Noel Gallagher didn’t like his brother Liam Gallagher dominating Oasis’ sound with his "f***ing loud" vocals.
The ‘Fort Knox’ hitmaker says it was a "constant battle" in the Britpop group – which came to an end following a backstage bust-up before a festival appearance in Paris in 2009 – when Liam wanted his lead vocals to be the loudest instrument heard, as the 50-year-old guitarist prefers the lyrics to be a mystery to fans.
Noel fumed to Billboard magazine: "Yeah, well that’s a stylistic thing. All the records that I like – like The Stones, for instance, you can’t hear what [Sir] Mick Jagger’s f***ing saying. So you really have to f***ing listen and you’re engaged immediately.
"It was always the fight in Oasis.
"Liam was always, ‘Turn the vocals up! … You can’t hear the lyrics.’
‘I [was like], ‘I don’t want them to hear the f***ing lyrics. I want them to listen to the whole thing.’
"It’s usually a constant battle between the singer and the songwriter."
The ‘Holy Mountain’ singer admits he has "driven" his label mad over the years because he always delivers his albums with a "low-vocal mix".
He added: "I find a lot of music, the vocals are too f***ing loud. Just too loud.
"Maybe it’s because I’m a guitarist, but I drive the people at my record label to destruction when they’ll say, ‘Is there a vocal-up mix?’ I’m like, ‘This is it.’ And they’re like, ‘F***, it’s a bit quiet.’
"And even when I go back to the studio and have to turn the vocals up, it doesn’t sound right.

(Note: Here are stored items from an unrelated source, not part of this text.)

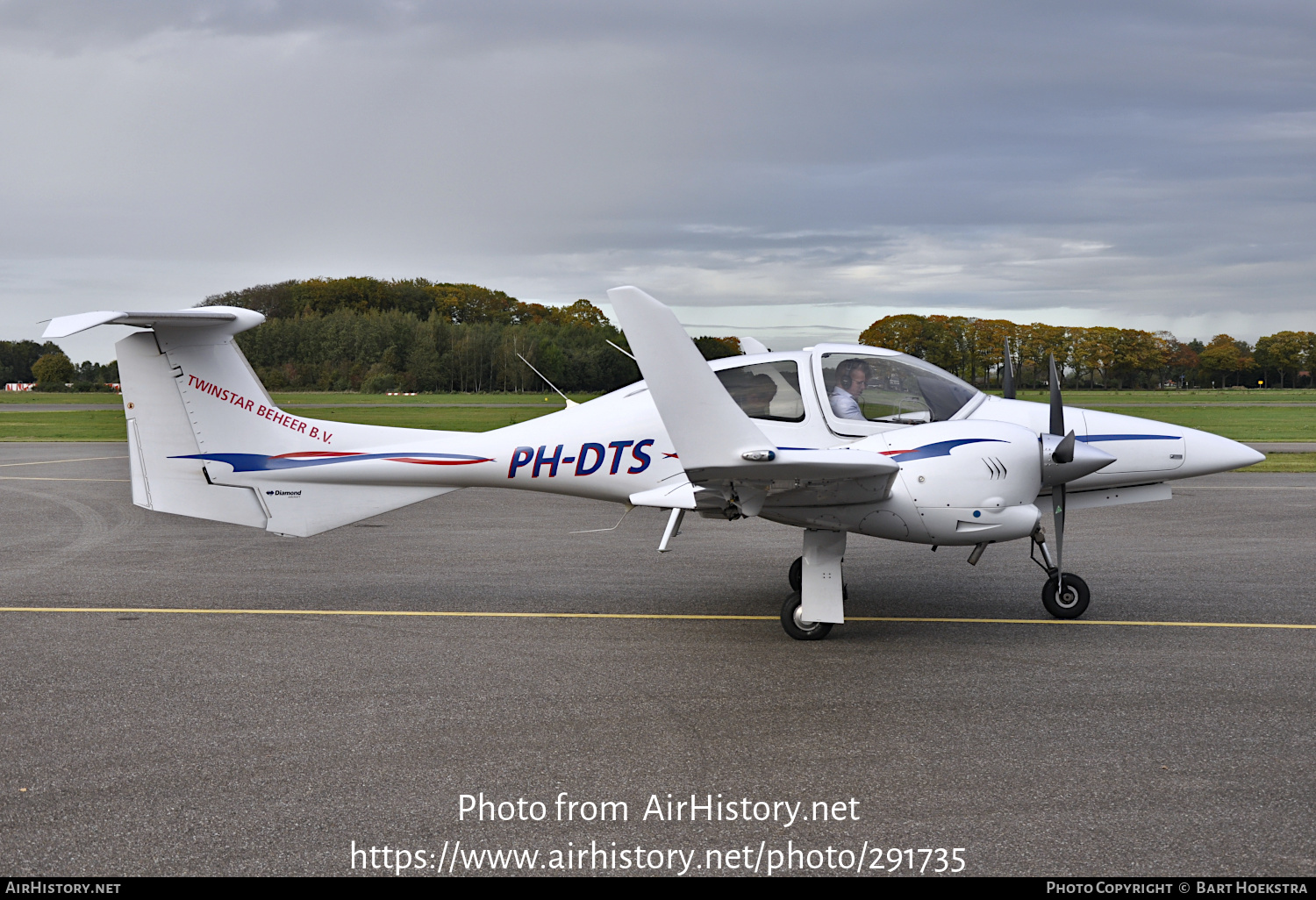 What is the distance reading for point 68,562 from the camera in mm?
10844

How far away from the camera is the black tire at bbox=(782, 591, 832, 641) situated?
292 inches

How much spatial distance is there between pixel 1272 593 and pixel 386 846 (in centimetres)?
845

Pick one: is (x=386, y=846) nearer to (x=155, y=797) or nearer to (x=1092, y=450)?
(x=155, y=797)

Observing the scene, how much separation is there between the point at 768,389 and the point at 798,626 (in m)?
1.95

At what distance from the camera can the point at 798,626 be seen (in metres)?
7.44

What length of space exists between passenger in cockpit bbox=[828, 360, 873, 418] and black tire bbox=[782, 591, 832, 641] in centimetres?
157

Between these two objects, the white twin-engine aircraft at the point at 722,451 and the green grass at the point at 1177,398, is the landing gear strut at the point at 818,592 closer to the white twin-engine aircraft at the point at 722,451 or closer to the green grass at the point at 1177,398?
the white twin-engine aircraft at the point at 722,451

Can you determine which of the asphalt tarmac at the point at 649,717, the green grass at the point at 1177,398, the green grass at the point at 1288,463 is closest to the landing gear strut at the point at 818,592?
the asphalt tarmac at the point at 649,717

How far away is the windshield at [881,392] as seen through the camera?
26.1ft

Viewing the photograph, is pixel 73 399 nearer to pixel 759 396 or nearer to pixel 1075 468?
pixel 759 396

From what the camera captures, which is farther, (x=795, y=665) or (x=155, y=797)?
(x=795, y=665)

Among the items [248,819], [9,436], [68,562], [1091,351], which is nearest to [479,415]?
[9,436]

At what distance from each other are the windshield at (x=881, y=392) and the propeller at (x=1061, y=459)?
74cm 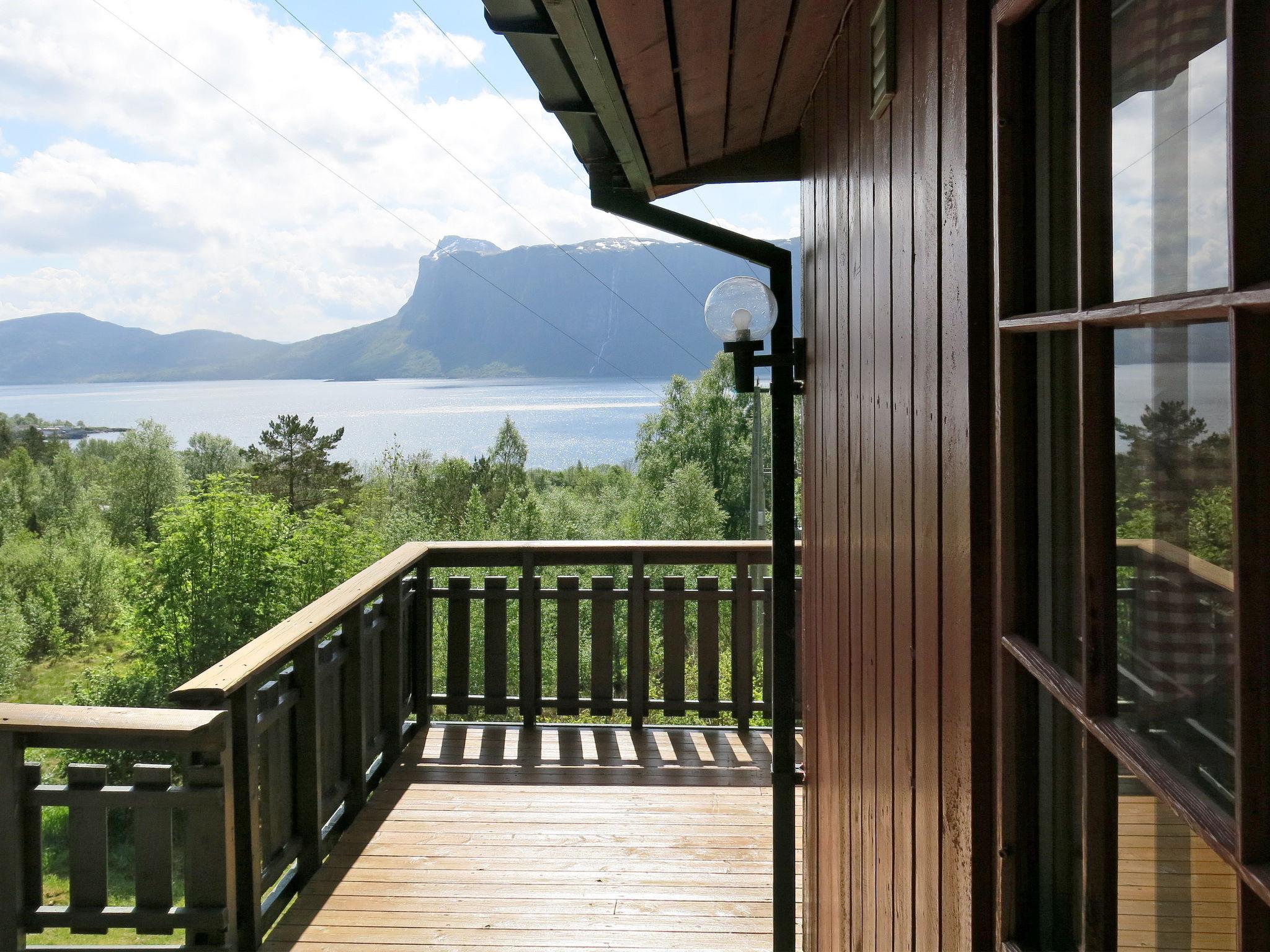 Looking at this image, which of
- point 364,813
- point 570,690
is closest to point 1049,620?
point 364,813

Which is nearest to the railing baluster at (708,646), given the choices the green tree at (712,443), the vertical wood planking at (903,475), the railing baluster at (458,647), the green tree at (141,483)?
the railing baluster at (458,647)

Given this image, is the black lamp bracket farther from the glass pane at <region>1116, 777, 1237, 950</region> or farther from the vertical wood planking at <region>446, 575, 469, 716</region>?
the glass pane at <region>1116, 777, 1237, 950</region>

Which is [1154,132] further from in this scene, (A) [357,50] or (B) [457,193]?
(B) [457,193]

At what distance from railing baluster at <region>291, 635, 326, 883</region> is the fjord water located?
59.8 metres

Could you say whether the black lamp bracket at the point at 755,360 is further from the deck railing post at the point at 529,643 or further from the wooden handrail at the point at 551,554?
the deck railing post at the point at 529,643

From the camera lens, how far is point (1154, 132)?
0.66 m

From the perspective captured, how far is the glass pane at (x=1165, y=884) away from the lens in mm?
580

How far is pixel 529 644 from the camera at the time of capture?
4273mm

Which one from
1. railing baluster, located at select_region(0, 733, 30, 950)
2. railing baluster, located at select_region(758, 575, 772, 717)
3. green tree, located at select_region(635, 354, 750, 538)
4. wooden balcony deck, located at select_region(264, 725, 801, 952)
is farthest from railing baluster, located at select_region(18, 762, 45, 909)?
green tree, located at select_region(635, 354, 750, 538)

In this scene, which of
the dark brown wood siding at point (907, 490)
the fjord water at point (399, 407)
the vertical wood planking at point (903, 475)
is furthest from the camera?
the fjord water at point (399, 407)

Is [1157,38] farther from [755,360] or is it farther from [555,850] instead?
[555,850]

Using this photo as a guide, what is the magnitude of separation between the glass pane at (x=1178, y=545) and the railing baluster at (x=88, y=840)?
2464mm

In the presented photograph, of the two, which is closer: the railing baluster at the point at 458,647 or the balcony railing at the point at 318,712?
the balcony railing at the point at 318,712

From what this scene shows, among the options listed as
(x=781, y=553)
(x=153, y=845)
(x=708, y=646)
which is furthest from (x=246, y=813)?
(x=708, y=646) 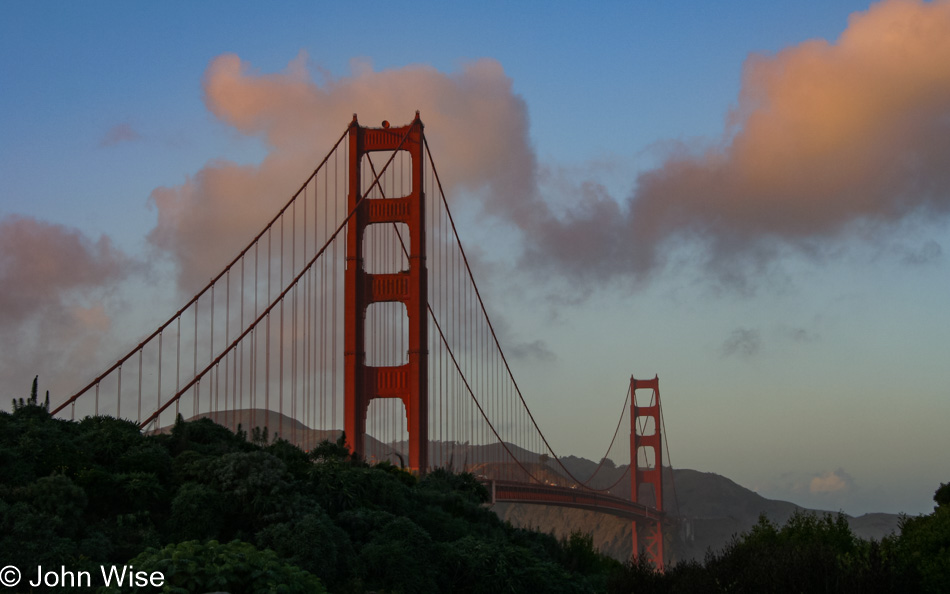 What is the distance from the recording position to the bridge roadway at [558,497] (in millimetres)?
50856

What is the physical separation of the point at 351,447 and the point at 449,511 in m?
12.2

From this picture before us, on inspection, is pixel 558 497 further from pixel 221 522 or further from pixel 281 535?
pixel 281 535

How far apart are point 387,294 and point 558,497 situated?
1704 centimetres

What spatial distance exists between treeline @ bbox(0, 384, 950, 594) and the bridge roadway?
1656 centimetres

"The balance is not right. To me, that’s just a stylistic thing."
Meanwhile, Noel recently admitted his eccentric French scissor player was partly to wind up his 45-year-old sibling.
The ‘Some Might Say’ songwriter recruited Le Volume Courbe singer Charlotte Marionneau to play gardening shears during his performance of ‘She Taught Me How To Fly’ with High Flying Birds – from his new album ‘Who Built The Moon?’ – on weekly UK music show ‘Later… With Jools Holland’.
And he also revealed that they were special "herb" cutting tools which have a "particular sound".
Speaking to radio station XS Manchester, he confessed: "They aren’t just any scissors, they’re herb scissors with four blades so they have this particular sound.
"When she pulled them out in rehearsals I said to my bass player: ‘If that isn’t the greatest thing I’ve ever seen I don’t know what is.’
"He said: ‘Your kid’s going to glass himself’, and I thought you know what? Even for that it’s going to be worth it."